Saturday, July 05, 2014

Book Review: The Last King in India: Wajid Ali Shah by Rosie Llewellyn-Jones

Introduction

  • ISIN: 9781849044080
  • Genre: History / Nonfiction / Biography
  • Publishers: Random House
  • Price: Rs. 599/- (P.S: I got this book for review from the publisher)

The Last King in India is the story of an extraordinary man whose memory still divides opinion sharply today. Was he, as the British described him, a debauched ruler who spent his time with ‘fiddlers, eunuchs and women’ instead of running the kingdom? Or, as most Indians believe, a gifted poet whose works are still quoted today, and who was robbed of his throne by the East India Company?

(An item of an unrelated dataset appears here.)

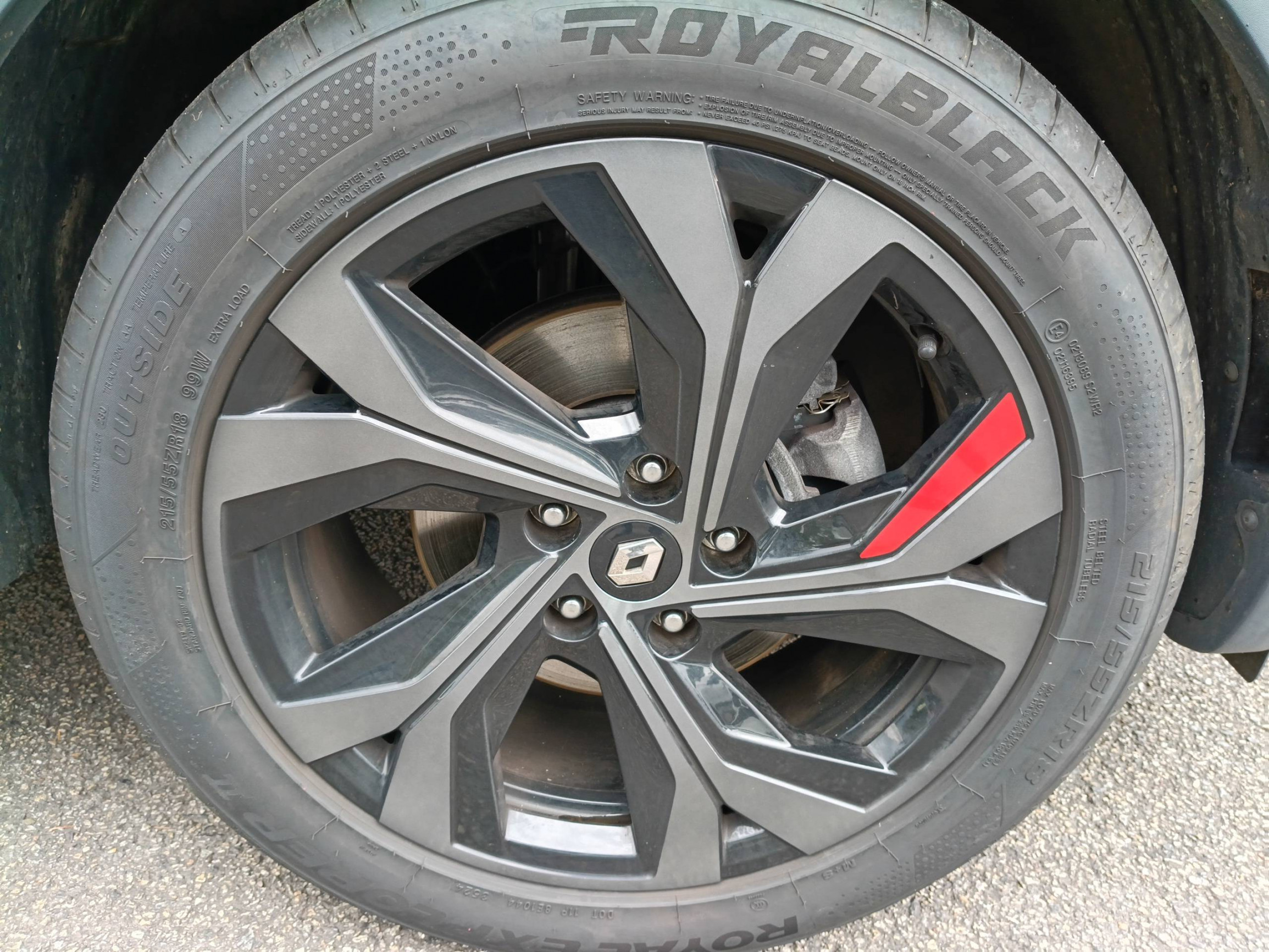 Vente en ligne Renault Arkana  E-Tech 145 - 21B au prix de 20 990 €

Somewhere between the two extremes lies a complex character, a man who married over 350 women, who directed theatrical events lasting a month and who built a fairytale palace in Lucknow. Wajid Ali Shah was written out of the history books after his kingdom was annexed in 1856. Some even thought he had been killed during the mutiny the following year. But he lived on in Calcutta where he spent the last thirty years of his life trying to recreate his lost paradise. He remained a constant problem for the government of India, with his extravagance, his menagerie and his wives — in that order. For the first time his story is told here using original documents from Indian and British archives and meetings with his descendants.


Behind The book

Source: Google Images


About the author

Rosie Llewellyn-Jones (PhD) graduated from SOAS in Urdu and is now an acclaimed historian of the colonial history of India from the eighteenth to the twentieth centuries. She has published extensively on this period and her particular interest is in the political interaction between the British and their Indian subjects. She is also Secretary to the British Association for Cemeteries in South Asia and editor of its journal Chowkidar.

Me thinks

When I began reading this book the only thing I had in my mind was history. It has always fascinated me, especially of our country which has such rich cultural heritage that any amount of books on it seem less to capture the beauty our country had in those days. Reading such biographies that too by authors who are so very well qualified on the subject is an absolute treat for they know what they are talking and it is backed up by immense research which shows in those pages as you turn them one after the other.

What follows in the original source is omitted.